Only some lines are wanted. Transcribe, exactly, the lines below from the line with "Oval 1880's French" up to and including the line with "Creative home office".
────────────────────
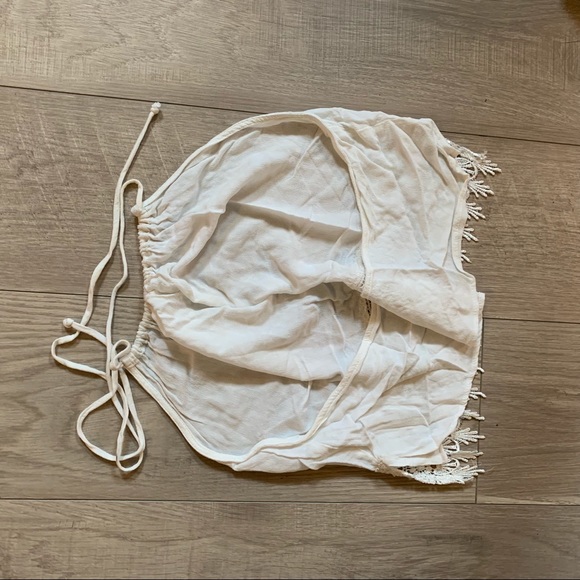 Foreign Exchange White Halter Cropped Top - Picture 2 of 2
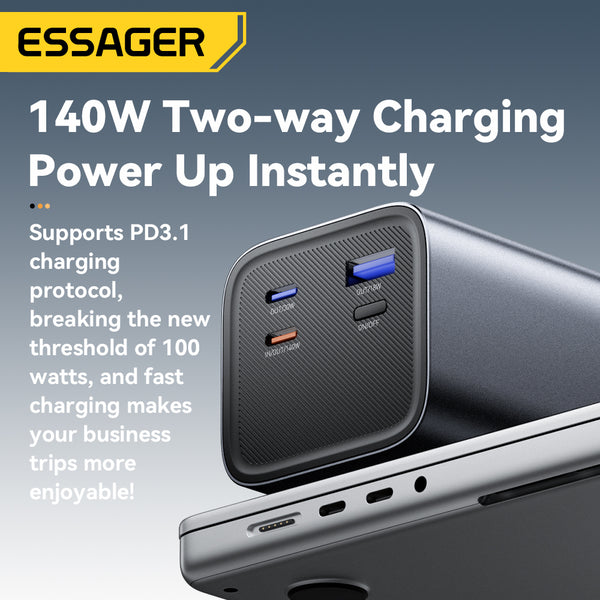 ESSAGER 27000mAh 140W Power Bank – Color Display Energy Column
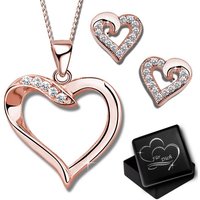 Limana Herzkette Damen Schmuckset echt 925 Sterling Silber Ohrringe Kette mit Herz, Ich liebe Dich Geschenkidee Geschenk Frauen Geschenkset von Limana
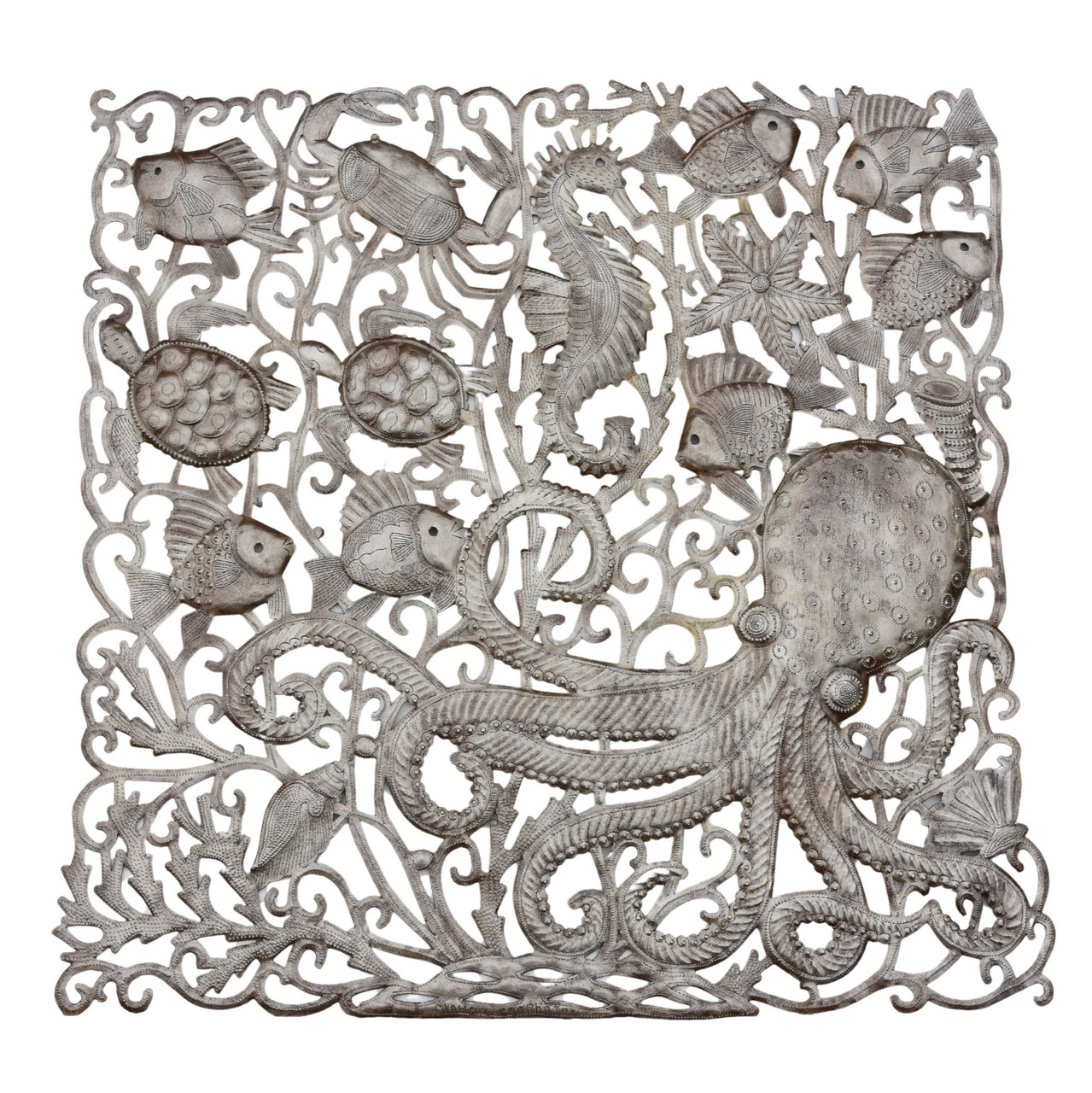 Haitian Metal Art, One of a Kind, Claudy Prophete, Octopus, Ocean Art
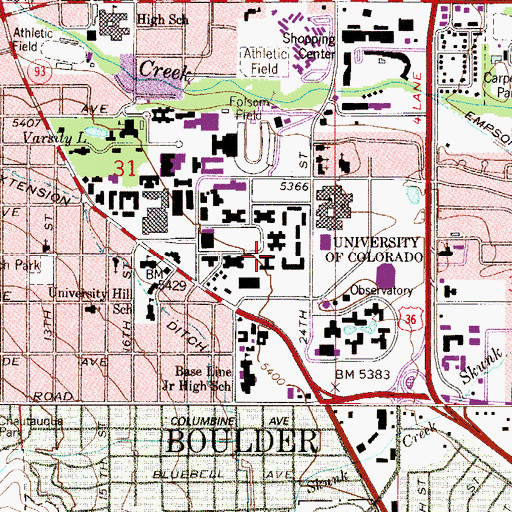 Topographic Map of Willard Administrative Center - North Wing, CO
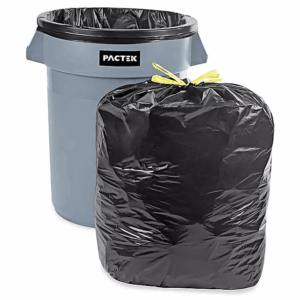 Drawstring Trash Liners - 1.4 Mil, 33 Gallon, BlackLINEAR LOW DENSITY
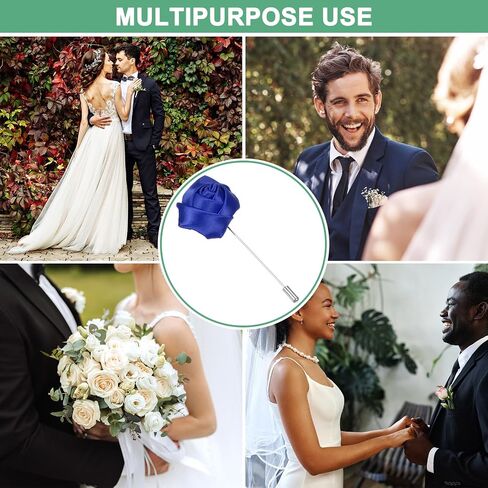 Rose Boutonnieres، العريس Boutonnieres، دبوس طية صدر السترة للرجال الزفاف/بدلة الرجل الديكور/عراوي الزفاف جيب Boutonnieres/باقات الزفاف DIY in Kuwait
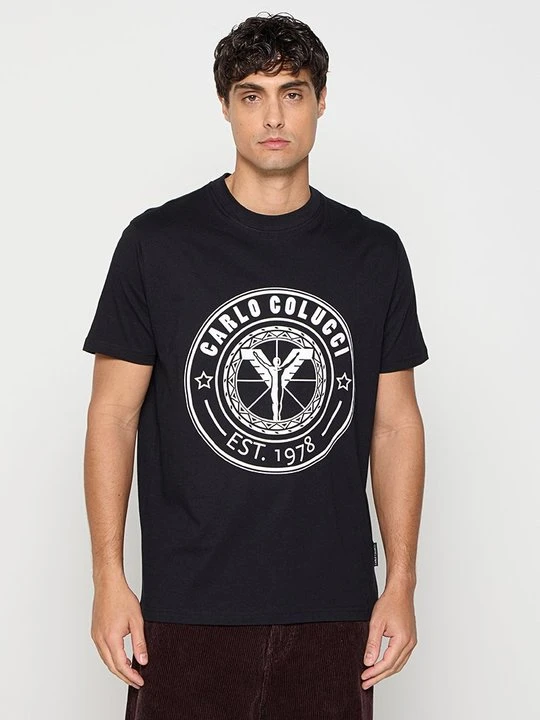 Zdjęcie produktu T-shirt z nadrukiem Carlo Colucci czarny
────────────────────
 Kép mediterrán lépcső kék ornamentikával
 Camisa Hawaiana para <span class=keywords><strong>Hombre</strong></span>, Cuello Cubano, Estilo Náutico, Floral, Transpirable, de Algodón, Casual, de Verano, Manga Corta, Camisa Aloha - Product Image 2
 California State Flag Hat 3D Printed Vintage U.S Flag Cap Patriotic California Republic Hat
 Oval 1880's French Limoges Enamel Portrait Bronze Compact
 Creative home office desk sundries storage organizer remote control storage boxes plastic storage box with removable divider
────────────────────
» Solved problem:
 Oval 1880's French Limoges Enamel Portrait Bronze Compact
 Creative home office desk sundries storage organizer remote control storage boxes plastic storage box with removable divider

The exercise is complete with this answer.